Above: The first thing I like to do is release the spring. I do this by grabbing the end of the spring and moving it over or past the stopper. This takes the tension of the brake. And will help prevent injury or parts being lost. This is particularly important with center pull caliper brakes as they are tightly sprung. NOTE: This method does not work with (double sprung) center-pull brakes. So use EXTREME CAUTION when taking double sprung calipers apart.
This might be the most important thing for a first timer. Only take one caliper apart for cleaning/polishing. This way you can use the still assembled brake as a reference. There are lots of washers and spacers and plastic bushings and it is very easy to forget what went where. If you only have one caliper "fixed gear bike" you might want to take some detail photographs to use as a reference.
Above: The brake caliper (right) shown re assembled with new Jag Wire x Caliper brake Shoes. For me it`s automatic to replace the shoes. Most of the bikes I rebuild or restore have been in storage 10 to 30 years. And even good brake shoes are inexpensive "in bulk" So it`s better to just replace them if you can. I feel the same way about brake and derailleur cables. Good quality cables are also inexpensive in when purchased in bulk. Shown are some of the products I use most often. Note: The detailing brush has fine brass bristles (not steel). Brass is much easier on the metal,chrome, etc. Also you can see the White Lightning Clean Streak used for parts cleaning. And for chrome I use Turtle Wax Chrome Polish and Rust Remover. And the Mother's Mag and Aluminum Polish that I use for Aluminum and Alloy parts polishing. I also use Mother's to clean-out bearing cups. It breaks down the hardened grease rings you often find in bearing cups. I also use Mother's on chain-rings to removed caked-on grease and dirt from the sprockets. As always You want to read the "CAUTIONS" on the products carefully. And use any protective equipment recommended.

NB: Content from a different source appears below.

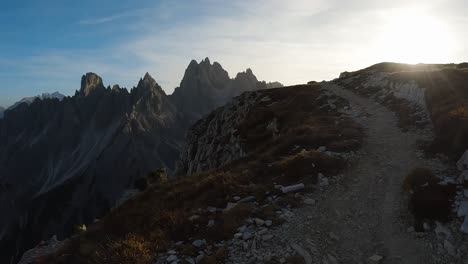 La-Llamarada-Solar-Ilumina-El-Cielo-Desde-El-Punto-De-Vista-Del-Excursionista-En-Un-Sendero-De-Tierra-En-El-Borde-Del-Acantilado-En-Los-Dolomitas.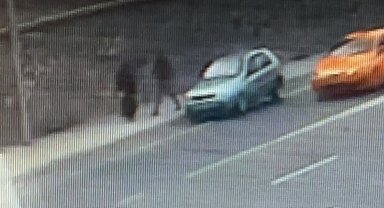 İstanbul'da barışma teklifi kavgası kamerada: Dövdüğü kadın aracı taşladı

Above: I am also restoring the rear wheel off a Miyata and the Rim, Free Wheel, Pie plate and Hub as well. While I feel very strongly about replacing components that should be replaced. I feel just as strongly about refurbishing components that are still very usable. This 6 speed free wheel unit was a mess due to neglect. But after a good cleaning and lube it has many trouble free miles ahead. The free wheel & pie-plate were removed cleaned / polished. The hub and rim were both polished. The spokes were cleaned with a fine brass detail brush and with some light cleaner/de greaser. The axle and bearings were removed de greased and reassembled with fresh grease. And the wheel was trued on the wheel truing stand. As you can see it looks pretty fresh. I`ll never understand why everyone is always so quick to throw stuff away. I guess it is just easier to buy new.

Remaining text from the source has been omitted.